Wäre da nicht gestern gewesen. Gestern hatte ich ein emotional herausfordendes Erlebnis. Wir waren bei Freunden zu einem Grillfest geladen, unserem ersten seit Beginn der Selbstisolation. Wir saßen im Garten und erfreuten uns an hervorragenden Hamburgern, zart und saftig gegrillt, dazu gab es gutes Schremser Bier und Weine nach Belieben, alle Beilagen, die man sich wünschen kann, Salate, ein Dutzend Grillsaucen, es war sozusagen angerichtet, danach erschien auch noch ein glänzender Rhabarberstrudel, samt Erdbeeren mit Schlag. Die Gesellschaft war nicht nur nett, sondern geistreich, man sprach in mehreren Sprachen und unterhielt sich bestens.

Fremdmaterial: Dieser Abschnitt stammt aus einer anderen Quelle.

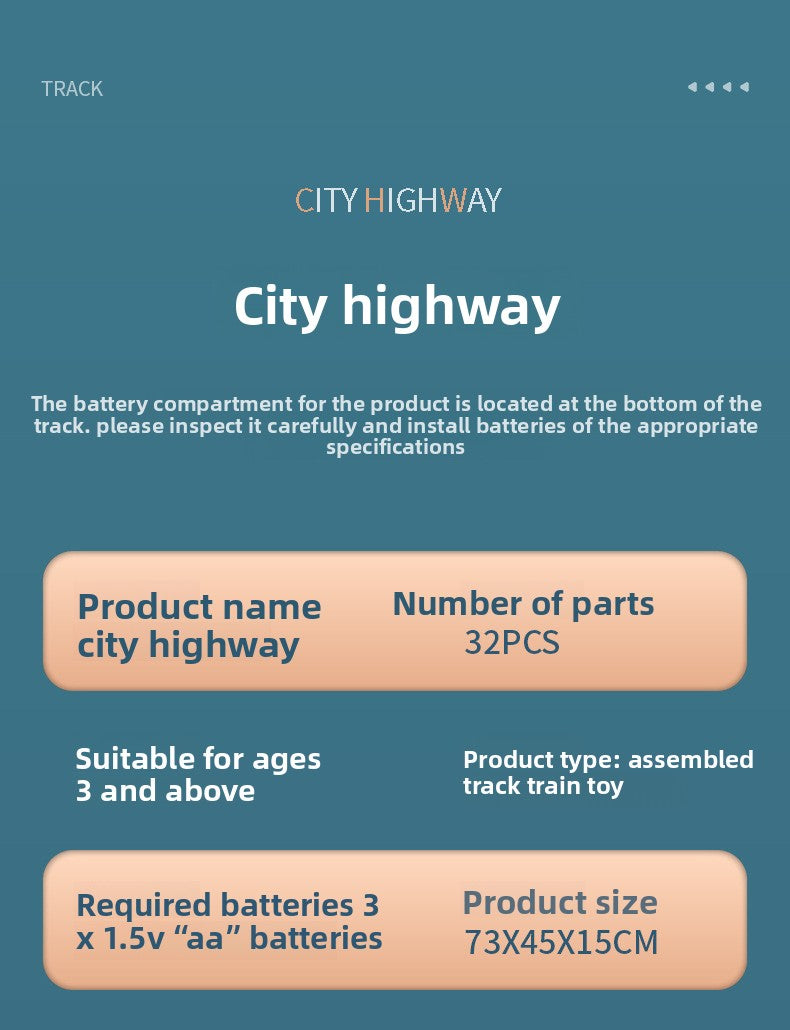 Children's Dinosaur Winding Road City Combination Track Car Adventure Parking Building Educational Toy for Boys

Die Stimmung stieg, als die Spatzen, die übermütig im Vogelhäuschen tobten, dieses so lange um- und umdrehten, bis sich eine Schraube löste und das Häuschen krachend zu Boden fiel. Großes Hallo!

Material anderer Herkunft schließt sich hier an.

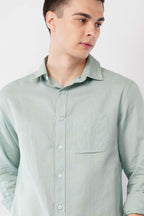 LINEN SHIRT MEN-OFFSHADE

Kernbeißer, männlich. Foto © Dellex

Da bemerkten wir einen vis-à-vis auf dem Brunnenrand sitzenden Vogel. Ein Kernbeißer, erklärten uns die Gastgeber. Er litte an einer Kehlkopfentzündung, vermutlich. Man sah links an seinem Hals eine kleine Geschwulst hervortreten. Er sah zu uns herüber und öffnete immer wieder den Schnabel, als wolle er singen. Spatzen setzten sich links und rechts von ihm hin und flogen wieder weg. Der Hund lief im Garten herum, sodass sich keine Katze in die Nähe des Kernbeißers wagte.

Der Kernbeißer versuchte zu fliegen, aber er kam nicht weit. Nach drei Metern landete er im Gras, und wieder blickte er zu uns herüber, öffnete den Schnabel, als wollte er uns dringend etwas sagen, vielleicht hatte er das Geheimnis entdeckt, wie die Welt funktioniert, und wenn wir ihn verstehen könnten, wüssten wir, wie sie zu heilen wäre. Im Augenblick ihres Todes, behauptete ich, sprechen Vögel nämlich solche Sachen, und wer sie verstehen kann, der wird zum Welt-Heiler, vielleicht.

Gespannt schauten wir hinüber zum Kernbeißer, aber wir konnten nichts hören und nichts von dem verstehen, was er uns sagen wollte. Angestrengt versuchte er, zu uns zu sprechen, es war, als hielte er eine Predigt, eine stumme Ansprache, es ging um Qual und Moral vielleicht, er quälte sich, und auch wir quälten uns, aber wie sehr wir uns auch bemühten, ihn zu verstehen, wie sehr er sich auch anstrengte, es uns zu sagen, es misslang. Man merkte, es ging ihm um alles, aber er brachte nichts heraus.

Immer länger wurden die Pausen zwischen seinen Versuchen. Wenn er sprechen wollte, erhob er sich ein wenig, wenn er es aufgab, fiel er ins Gras zurück. Er begann schwerer zu atmen, langsamer, dann hörte er auf, sich zu bewegen. Sein Todeskampf klappte ihm den Schnabel zu, er wendete seine Augen von uns ab, kippte auf die Seite und lag auf dem Rücken.

Er war tot.

Das war mein stärkstes Medienerlebnis gestern. Für den Rest gilt: Schweigen wäre besser gewesen.

Keep distance, wash hands, stay human!